My 6 year old ss is in the first grade. He is a very smart & sweet boy but has really had issues starting this summer with paying attention. There were also some incidents with yelling & hitting his older brother. ( once because he wanted to eat & no one else was hungry) We have brought this up to his mother & she & DH have sat down & spoken to him with a few of the incidents during this school year...but if the school wasn't bringing it up she would not notice it or do something about it.

It is odd because she is supermom..always letting us know that the kids are first. She does have her first BF since divorce & he lives about 1 1/2 hours away & has three kids. They are constantly on the go, back & forth despite the oldest one having told mom he didm't want to spend every weekend with BF & kids that they were with her. That & it was wrong for them to sleep in the same bed together. ( that went over like a fart in church & somehow she thought DH was behind that/ he wasn't SS has good morales. That & his dad & I per BM request NEVER shared a bed when with the children present prior to marriage)
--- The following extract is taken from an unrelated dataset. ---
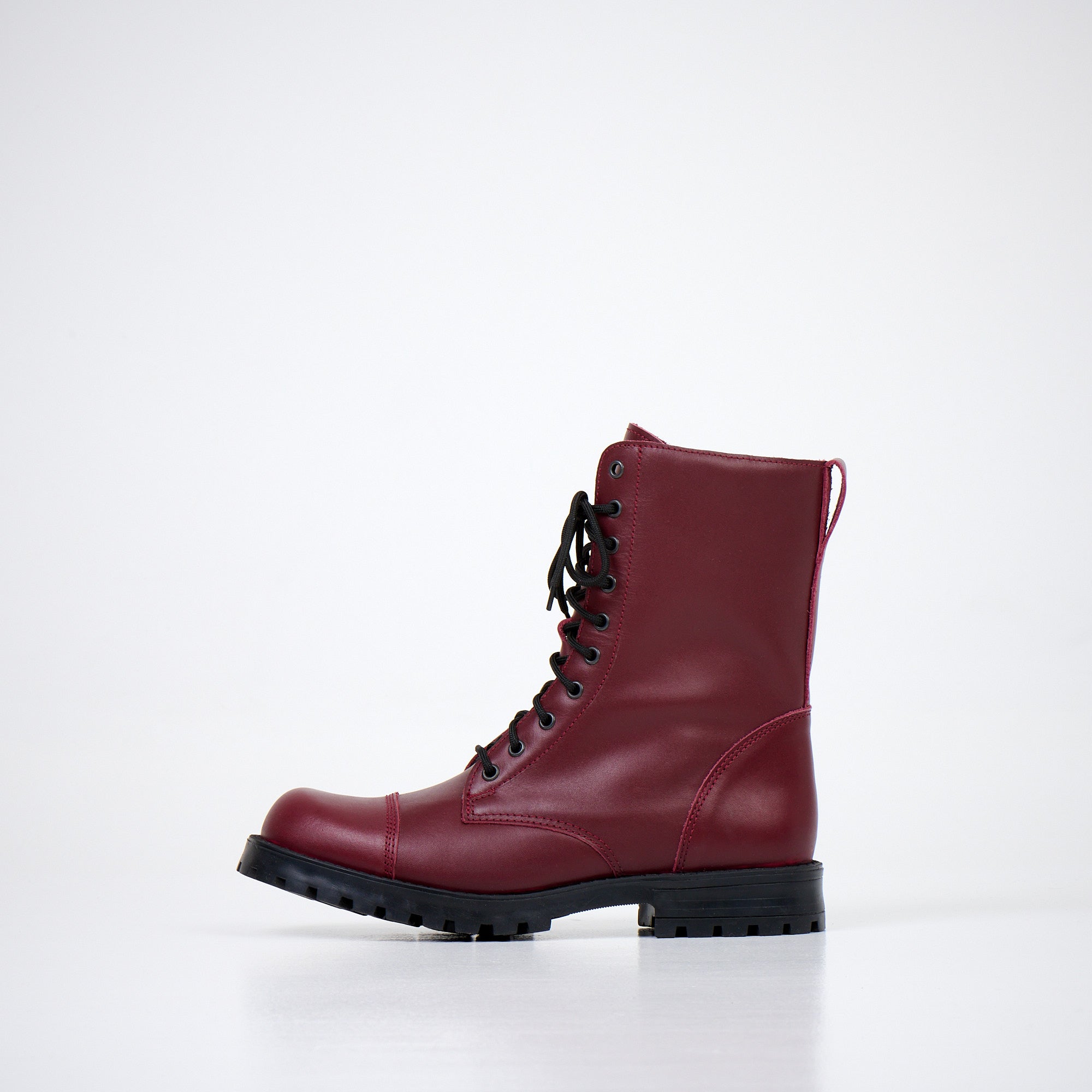 Burgundy Winter Leather Boots with Zipper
After the last incident at school before xmas ( Got caught in a fight in the cafateria & got sent to the behavioral managers office, this was a few days after getting in trouble for starting a water fight in the bathroom) DH & BM sat down & talked with him. He was punished & TV was taken away at our house... per SS nothing was done at BM ( even though her & DH talked about it. If he is being punished at our house & vise versa that punishment carriers over to the other house) DH also mentioned that maybe SS needed therapy because he had discussed with us after a naughty weekend that he was feeling bad still about the divorce, & that he was worried SS would be diagnosed with ADD since his attention span was not very long. She is very against this & said she wanted till the end of Dec to see if she spent more time with him if that would help. It is hard to have time alone when you drag him all over every weekend & the boys NEVER get to stay home alone with her on weekends. The only thing that changed is neither boy got to do swimming lessons this winter.
The boys seem to like BF & his kids but I don't think that they would tell her about needing to be home more with just her. When 6 year old complained to DH about it, he told him he has to talk to mommy as she would not like it or believe it if daddy got involved.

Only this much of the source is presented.